Short descriptive text snippets:

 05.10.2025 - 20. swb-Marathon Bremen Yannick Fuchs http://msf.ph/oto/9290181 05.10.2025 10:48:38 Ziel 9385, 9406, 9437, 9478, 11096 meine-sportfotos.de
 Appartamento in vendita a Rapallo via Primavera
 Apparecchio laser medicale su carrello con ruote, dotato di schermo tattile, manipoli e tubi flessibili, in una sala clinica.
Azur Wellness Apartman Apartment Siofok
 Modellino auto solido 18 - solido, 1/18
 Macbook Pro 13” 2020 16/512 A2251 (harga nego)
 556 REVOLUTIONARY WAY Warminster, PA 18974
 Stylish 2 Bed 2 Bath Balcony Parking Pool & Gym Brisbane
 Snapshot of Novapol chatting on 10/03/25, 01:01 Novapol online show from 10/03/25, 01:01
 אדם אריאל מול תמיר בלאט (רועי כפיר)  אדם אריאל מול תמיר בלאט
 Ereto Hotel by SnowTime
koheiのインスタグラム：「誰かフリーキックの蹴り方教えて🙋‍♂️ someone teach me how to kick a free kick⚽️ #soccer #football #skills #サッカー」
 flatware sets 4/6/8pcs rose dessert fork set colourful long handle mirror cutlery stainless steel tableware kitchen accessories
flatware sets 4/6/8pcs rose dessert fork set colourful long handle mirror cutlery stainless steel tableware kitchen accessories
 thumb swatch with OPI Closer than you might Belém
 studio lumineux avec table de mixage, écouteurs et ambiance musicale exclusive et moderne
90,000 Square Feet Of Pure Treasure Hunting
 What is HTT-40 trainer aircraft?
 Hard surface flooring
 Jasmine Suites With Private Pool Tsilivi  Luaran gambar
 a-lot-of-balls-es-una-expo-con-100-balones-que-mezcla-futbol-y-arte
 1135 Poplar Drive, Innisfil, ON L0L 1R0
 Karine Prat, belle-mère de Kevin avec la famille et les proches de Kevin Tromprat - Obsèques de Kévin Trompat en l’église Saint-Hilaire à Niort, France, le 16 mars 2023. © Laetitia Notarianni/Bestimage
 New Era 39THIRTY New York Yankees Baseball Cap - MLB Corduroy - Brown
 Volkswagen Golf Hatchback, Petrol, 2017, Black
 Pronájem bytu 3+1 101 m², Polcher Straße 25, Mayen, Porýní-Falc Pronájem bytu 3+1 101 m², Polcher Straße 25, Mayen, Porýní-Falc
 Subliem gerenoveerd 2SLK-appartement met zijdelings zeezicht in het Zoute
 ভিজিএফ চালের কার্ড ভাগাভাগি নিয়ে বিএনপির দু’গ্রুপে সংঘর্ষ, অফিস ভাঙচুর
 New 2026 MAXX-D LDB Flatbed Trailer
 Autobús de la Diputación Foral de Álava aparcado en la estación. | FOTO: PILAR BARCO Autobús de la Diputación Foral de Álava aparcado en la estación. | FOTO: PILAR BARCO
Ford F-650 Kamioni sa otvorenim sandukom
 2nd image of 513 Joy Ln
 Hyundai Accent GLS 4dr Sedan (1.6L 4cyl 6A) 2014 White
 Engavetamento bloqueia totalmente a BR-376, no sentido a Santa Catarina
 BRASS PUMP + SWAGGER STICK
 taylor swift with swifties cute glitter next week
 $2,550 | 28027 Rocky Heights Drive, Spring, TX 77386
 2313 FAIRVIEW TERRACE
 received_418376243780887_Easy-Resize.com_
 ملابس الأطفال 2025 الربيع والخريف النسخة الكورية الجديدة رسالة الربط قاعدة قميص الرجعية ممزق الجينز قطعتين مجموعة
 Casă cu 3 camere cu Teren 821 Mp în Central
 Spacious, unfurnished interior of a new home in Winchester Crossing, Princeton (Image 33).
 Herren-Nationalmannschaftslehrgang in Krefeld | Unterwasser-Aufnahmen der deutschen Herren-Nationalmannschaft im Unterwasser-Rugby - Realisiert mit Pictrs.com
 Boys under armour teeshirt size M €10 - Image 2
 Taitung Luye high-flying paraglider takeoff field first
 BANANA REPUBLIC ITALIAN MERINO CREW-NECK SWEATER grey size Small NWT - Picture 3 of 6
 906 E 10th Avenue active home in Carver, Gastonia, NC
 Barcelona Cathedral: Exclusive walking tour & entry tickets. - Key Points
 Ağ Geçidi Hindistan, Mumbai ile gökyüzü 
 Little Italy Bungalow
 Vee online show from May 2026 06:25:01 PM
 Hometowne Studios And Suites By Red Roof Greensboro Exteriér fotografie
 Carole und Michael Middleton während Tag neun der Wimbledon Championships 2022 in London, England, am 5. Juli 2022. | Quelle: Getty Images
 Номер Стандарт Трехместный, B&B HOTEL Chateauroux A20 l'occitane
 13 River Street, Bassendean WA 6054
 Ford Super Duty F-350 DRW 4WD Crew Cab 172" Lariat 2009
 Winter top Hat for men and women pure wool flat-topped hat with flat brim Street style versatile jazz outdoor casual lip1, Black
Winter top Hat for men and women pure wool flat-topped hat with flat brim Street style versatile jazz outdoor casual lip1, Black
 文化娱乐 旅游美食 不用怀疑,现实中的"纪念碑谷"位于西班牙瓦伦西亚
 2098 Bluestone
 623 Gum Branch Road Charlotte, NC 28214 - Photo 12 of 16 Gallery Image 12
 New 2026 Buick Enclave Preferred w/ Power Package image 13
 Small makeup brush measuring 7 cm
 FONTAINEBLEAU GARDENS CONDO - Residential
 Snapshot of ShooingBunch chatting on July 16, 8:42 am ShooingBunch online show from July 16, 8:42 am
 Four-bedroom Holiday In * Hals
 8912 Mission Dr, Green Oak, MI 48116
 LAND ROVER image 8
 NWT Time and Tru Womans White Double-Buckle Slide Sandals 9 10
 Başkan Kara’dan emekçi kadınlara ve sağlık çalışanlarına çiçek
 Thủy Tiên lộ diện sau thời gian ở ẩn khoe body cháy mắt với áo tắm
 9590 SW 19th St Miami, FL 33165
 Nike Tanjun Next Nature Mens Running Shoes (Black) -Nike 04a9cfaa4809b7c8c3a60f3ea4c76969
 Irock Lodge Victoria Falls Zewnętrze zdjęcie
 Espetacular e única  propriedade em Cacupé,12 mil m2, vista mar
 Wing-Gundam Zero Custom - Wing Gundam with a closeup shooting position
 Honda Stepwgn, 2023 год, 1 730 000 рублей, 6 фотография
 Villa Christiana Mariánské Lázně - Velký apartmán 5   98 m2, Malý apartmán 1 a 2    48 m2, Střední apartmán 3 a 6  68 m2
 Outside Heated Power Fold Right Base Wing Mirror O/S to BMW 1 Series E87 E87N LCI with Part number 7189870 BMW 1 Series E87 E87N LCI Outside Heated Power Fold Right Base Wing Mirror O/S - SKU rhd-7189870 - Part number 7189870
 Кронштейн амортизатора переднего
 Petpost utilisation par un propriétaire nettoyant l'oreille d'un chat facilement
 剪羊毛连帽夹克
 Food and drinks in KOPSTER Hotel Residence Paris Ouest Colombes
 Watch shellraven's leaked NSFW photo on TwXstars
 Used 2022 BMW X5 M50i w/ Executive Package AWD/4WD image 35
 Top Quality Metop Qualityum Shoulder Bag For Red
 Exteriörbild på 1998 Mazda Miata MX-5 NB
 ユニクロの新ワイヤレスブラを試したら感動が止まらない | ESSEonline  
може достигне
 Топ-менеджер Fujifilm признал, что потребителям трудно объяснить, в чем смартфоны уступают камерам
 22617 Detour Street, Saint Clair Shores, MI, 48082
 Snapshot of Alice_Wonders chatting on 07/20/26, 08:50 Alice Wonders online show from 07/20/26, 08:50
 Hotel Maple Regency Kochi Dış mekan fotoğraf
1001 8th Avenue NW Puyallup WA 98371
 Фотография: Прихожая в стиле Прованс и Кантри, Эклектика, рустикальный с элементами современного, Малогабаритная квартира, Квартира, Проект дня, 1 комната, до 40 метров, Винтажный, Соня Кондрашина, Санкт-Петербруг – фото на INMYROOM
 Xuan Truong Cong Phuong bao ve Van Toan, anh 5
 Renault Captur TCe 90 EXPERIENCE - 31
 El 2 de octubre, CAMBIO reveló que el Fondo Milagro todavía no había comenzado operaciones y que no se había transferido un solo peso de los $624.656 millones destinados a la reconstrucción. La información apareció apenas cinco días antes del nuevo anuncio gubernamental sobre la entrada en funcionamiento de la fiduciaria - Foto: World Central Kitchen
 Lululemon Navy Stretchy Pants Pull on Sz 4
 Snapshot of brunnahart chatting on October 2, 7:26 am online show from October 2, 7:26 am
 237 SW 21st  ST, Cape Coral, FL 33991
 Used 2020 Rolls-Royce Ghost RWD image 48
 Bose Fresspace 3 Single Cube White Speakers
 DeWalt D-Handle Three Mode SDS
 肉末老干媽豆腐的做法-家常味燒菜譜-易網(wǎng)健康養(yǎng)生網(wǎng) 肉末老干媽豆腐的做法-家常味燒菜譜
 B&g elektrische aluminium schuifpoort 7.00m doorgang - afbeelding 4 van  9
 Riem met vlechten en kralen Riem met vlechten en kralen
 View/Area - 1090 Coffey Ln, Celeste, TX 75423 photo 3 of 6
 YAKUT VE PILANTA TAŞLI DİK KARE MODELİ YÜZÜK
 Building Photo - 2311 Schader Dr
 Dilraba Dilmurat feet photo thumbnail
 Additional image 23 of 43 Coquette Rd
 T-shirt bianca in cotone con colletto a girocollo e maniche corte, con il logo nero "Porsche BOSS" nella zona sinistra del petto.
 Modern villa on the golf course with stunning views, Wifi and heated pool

WHAT THE EXERCISE ASKS: From the records above, transcribe without alteration every line from the one with "Azur Wellness Apartman Apartment Siofok" to the one with "Ereto Hotel by SnowTime", inclusive.

SOLUTION:
Azur Wellness Apartman Apartment Siofok
 Modellino auto solido 18 - solido, 1/18
 Macbook Pro 13” 2020 16/512 A2251 (harga nego)
 556 REVOLUTIONARY WAY Warminster, PA 18974
 Stylish 2 Bed 2 Bath Balcony Parking Pool & Gym Brisbane
 Snapshot of Novapol chatting on 10/03/25, 01:01 Novapol online show from 10/03/25, 01:01
 אדם אריאל מול תמיר בלאט (רועי כפיר)  אדם אריאל מול תמיר בלאט
 Ereto Hotel by SnowTime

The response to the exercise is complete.